Natürlich ist es nicht in Ordnung, aber deswegen jetzt ein Drama draus zu machen, hilft auch keinem. Vor allem, er hat es Dir gesagt. Allein das ist schon nicht selbstverständlich. Da gibt es ganz andere Beispiele ...
Was mir spontan zu Euch einfällt, ist, dass Ihr Euch irgendwann Rollenmuster angewöhnt habt bzw. diese wohl von Anfang an so verteilt habt und darin verharrt.
Du bist der aufopfernde Typ, der alles hinnimmt und den Laden irgendwie am Laufen hält und sich selbstverständlich um Kinder und Haus kümmert und er ist der Verdiener, der aber gerne sein Ding macht. Wie hast Du es genannt? Projekte im Garten.
Eigentlich sucht er sich kategorisch Fluchtpunkte, die ihm einen Rückzug vom Familiären ermöglichen. Da ist zum einen sein Elternhaus, das qasi um die Ecke liegt, da sind seine Interessen und Aktionen, die ihm guten Gewissens sein Rückzugsgebiet sichern. Denn wer wollte was gegen Gartenarbeit oder einen guten Kontakt zu den Eltern sagen.

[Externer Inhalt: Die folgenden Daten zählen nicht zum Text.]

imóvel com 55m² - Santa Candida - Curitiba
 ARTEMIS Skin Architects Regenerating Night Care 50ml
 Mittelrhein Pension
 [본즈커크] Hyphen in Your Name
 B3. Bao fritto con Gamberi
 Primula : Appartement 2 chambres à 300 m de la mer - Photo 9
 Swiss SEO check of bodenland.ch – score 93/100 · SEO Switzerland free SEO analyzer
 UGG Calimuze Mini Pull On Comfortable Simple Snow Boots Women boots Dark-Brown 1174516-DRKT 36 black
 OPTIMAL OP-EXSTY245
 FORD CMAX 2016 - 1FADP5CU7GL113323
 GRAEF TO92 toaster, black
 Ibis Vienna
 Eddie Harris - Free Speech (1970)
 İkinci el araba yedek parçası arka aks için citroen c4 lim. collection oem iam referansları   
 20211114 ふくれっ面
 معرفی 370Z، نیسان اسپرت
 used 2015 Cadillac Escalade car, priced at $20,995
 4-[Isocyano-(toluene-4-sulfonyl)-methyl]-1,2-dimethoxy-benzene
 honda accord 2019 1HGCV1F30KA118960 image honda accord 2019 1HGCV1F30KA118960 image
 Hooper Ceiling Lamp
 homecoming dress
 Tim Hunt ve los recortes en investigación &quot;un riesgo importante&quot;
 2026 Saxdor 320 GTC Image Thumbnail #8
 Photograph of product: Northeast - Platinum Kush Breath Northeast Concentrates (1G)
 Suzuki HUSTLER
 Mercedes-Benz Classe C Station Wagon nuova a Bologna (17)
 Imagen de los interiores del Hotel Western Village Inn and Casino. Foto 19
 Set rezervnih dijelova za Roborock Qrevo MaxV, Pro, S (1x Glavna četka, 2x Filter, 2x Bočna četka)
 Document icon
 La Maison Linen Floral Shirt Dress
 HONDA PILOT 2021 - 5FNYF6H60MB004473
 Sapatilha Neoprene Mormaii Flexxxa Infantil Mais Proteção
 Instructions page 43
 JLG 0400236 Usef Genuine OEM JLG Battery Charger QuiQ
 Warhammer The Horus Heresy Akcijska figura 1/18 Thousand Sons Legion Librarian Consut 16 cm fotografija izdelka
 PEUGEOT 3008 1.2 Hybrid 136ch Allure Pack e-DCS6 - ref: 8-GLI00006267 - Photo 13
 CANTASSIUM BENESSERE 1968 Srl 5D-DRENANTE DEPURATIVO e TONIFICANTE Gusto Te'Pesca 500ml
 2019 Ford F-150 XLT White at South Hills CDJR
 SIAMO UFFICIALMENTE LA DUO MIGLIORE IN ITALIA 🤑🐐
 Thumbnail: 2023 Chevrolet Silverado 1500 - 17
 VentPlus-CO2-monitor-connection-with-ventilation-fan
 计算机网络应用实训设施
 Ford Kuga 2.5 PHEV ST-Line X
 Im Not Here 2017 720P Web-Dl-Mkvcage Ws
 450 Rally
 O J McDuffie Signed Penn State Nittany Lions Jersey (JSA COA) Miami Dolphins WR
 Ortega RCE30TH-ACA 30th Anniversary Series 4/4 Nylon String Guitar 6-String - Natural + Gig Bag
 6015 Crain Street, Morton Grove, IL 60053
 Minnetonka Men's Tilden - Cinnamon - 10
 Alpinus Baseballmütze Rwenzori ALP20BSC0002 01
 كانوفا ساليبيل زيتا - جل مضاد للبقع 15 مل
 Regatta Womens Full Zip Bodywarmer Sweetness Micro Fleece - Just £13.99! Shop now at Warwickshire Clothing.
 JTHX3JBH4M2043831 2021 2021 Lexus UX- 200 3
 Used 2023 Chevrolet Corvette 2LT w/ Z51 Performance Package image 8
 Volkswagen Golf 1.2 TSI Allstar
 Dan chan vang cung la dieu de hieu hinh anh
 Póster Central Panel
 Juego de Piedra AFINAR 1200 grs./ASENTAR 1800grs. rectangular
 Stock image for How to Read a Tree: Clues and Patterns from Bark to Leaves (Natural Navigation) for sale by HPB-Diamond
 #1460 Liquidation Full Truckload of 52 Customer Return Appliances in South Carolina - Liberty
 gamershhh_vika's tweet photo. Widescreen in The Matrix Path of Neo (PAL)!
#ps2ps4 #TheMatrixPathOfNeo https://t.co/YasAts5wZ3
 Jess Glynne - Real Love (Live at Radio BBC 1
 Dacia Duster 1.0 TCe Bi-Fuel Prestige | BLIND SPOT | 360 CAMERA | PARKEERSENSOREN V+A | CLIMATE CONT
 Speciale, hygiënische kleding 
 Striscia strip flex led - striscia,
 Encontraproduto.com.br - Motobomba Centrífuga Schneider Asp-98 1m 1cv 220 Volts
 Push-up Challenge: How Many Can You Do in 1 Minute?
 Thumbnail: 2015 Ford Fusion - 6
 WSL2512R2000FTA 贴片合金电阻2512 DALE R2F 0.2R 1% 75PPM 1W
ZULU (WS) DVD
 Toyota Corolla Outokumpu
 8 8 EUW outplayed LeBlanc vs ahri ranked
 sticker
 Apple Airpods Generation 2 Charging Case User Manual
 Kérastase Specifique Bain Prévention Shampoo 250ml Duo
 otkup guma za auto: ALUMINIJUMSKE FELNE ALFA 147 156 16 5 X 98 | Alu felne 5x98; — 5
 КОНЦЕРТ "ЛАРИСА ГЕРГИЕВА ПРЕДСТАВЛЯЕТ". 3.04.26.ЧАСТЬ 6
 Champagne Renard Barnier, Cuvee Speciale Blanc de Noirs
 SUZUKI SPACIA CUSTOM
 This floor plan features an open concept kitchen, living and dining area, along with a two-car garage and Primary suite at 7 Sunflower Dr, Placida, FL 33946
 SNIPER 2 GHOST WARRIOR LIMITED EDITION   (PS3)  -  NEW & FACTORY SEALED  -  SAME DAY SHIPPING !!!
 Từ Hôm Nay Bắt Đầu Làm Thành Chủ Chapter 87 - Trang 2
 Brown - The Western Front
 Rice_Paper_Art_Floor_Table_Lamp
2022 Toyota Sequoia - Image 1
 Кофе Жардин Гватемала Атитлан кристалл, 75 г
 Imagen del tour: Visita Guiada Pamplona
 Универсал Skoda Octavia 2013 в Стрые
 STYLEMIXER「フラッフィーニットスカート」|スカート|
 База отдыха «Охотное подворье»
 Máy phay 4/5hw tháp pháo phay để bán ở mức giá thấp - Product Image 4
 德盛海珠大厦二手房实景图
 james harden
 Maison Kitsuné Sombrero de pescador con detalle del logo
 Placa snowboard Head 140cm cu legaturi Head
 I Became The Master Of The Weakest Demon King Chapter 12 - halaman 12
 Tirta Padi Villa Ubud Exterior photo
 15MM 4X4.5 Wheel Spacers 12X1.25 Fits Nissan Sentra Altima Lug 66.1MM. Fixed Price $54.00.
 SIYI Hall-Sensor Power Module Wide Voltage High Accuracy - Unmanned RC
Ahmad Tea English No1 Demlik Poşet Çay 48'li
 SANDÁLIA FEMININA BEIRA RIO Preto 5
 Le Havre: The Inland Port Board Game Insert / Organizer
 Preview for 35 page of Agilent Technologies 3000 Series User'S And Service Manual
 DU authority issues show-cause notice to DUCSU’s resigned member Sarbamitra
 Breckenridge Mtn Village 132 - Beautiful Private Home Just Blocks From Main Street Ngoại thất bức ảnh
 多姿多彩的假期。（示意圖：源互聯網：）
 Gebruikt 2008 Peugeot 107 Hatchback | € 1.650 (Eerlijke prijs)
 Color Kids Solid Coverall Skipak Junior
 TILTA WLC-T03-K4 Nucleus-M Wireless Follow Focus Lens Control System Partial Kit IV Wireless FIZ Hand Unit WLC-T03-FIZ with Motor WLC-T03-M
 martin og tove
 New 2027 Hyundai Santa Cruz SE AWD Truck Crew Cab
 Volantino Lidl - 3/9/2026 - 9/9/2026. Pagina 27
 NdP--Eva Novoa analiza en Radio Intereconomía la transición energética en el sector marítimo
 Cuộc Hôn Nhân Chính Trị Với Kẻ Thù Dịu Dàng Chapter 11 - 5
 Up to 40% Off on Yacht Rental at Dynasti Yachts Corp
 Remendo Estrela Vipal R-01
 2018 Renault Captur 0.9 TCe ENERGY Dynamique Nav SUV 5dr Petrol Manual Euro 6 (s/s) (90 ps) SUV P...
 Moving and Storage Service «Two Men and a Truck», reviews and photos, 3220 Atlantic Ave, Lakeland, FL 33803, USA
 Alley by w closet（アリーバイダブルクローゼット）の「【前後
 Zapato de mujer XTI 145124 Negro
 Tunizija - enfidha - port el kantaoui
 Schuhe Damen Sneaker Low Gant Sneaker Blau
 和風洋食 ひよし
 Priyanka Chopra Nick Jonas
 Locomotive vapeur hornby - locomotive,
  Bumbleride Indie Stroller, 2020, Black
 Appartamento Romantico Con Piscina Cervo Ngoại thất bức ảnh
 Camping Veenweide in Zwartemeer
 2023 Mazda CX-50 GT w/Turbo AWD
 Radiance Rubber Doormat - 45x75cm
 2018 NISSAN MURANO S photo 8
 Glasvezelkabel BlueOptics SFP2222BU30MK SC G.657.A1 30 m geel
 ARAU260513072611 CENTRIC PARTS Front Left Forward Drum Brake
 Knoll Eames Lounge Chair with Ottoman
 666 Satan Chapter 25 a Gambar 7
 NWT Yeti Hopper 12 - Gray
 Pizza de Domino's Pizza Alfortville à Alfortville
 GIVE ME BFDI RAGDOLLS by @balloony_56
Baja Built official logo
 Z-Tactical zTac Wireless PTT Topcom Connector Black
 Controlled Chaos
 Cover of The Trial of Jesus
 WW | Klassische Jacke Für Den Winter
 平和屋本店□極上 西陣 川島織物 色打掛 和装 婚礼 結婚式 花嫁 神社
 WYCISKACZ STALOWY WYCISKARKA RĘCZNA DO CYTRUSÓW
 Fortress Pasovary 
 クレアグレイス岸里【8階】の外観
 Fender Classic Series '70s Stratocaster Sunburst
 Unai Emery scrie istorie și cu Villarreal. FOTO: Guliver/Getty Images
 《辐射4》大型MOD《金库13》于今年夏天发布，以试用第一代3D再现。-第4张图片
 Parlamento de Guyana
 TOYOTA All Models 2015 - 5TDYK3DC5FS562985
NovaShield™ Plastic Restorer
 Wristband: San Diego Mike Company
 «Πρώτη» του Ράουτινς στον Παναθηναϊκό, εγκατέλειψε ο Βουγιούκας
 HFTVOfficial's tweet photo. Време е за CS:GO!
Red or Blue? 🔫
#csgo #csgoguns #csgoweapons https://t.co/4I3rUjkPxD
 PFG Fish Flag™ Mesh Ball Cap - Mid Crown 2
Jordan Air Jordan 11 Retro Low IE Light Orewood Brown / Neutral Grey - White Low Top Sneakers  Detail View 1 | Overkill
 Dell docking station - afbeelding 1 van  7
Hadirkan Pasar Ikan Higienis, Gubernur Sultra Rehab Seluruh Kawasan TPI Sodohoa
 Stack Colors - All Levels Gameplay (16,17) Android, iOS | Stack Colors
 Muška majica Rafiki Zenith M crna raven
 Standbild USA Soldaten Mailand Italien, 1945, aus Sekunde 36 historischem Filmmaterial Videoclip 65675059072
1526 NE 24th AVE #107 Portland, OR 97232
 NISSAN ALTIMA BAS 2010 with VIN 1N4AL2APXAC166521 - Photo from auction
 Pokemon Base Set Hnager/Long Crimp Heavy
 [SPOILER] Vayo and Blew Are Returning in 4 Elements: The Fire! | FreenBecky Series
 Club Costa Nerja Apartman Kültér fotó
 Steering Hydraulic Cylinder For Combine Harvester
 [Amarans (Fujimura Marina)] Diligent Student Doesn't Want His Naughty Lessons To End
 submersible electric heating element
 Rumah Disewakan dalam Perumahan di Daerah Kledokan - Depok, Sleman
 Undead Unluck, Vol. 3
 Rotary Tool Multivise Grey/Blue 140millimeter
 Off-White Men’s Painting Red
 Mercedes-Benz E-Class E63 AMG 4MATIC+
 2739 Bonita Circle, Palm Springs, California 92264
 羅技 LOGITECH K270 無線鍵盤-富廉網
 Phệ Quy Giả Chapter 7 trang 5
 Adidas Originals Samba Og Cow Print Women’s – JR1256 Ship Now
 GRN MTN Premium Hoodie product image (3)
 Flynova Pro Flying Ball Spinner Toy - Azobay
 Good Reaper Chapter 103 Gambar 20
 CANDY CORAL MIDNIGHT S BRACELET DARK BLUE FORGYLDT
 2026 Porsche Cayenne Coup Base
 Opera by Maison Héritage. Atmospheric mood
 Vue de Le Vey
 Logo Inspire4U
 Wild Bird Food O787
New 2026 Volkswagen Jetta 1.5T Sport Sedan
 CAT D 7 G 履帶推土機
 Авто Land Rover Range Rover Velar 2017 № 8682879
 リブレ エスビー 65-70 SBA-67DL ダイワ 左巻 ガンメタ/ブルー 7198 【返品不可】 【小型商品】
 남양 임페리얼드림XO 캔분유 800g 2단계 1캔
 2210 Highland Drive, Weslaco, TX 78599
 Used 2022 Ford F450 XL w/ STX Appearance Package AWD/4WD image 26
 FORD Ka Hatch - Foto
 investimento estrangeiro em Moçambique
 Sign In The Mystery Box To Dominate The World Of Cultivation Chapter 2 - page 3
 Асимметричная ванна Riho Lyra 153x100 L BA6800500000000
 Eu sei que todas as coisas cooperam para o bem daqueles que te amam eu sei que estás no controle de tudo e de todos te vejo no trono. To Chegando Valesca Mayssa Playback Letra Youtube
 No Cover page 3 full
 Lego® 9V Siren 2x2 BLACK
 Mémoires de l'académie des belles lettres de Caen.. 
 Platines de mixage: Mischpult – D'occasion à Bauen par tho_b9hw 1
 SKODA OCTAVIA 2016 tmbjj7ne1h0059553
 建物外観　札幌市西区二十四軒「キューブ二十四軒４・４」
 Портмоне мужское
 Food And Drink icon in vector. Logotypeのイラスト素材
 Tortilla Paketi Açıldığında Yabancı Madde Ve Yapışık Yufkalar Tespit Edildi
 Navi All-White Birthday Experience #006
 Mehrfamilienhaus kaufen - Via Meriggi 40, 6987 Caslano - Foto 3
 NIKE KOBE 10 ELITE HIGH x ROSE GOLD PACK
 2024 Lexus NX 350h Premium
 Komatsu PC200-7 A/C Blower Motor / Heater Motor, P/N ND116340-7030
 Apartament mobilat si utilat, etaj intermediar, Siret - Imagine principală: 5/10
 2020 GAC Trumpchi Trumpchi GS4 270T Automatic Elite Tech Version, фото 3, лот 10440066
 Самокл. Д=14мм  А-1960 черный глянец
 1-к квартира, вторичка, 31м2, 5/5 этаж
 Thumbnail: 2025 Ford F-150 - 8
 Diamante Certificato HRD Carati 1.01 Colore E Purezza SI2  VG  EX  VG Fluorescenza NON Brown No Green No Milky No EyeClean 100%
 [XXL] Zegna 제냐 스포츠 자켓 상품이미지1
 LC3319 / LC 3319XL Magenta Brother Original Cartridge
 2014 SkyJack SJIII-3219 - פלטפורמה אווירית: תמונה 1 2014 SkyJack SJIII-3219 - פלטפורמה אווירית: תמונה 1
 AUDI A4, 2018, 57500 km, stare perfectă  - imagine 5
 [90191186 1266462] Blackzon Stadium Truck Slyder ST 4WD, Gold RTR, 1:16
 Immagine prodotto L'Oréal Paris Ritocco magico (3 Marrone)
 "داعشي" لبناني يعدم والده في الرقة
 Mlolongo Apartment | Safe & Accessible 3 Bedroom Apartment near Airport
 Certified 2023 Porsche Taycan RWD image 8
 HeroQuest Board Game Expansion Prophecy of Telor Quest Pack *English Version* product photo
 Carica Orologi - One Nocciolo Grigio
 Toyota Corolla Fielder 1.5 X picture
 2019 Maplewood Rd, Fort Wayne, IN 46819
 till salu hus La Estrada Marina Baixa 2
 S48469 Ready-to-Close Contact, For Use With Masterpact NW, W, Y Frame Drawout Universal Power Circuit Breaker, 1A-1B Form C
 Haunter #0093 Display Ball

Er ist das klassiche Beispiel für Bindungsvermeidung. Er sucht sich seine Felder und die liegen leider ganz und gar nicht im Familienleben.
Darüber hinaus und das sehe ich als sehr schwerwiegend an, hat er nie eine klare Grenze gezogen in dem Sinn, dass er sich abnabelte und sagte: ich gründe jetzt selbst eine Familie und zu der stehe ich. Das ist dann mein Reich, in dem die Eltern sich nicht einzumischen haben.
Offenbar ist er ewig in der Rolle des Sohnes geblieben und hat keine Selbstständigkeit entwickelt. Die eigentliche Macht über Eure Familie liegt bei den Eltern, bei Verwandten, aber nicht bei Euch selbst.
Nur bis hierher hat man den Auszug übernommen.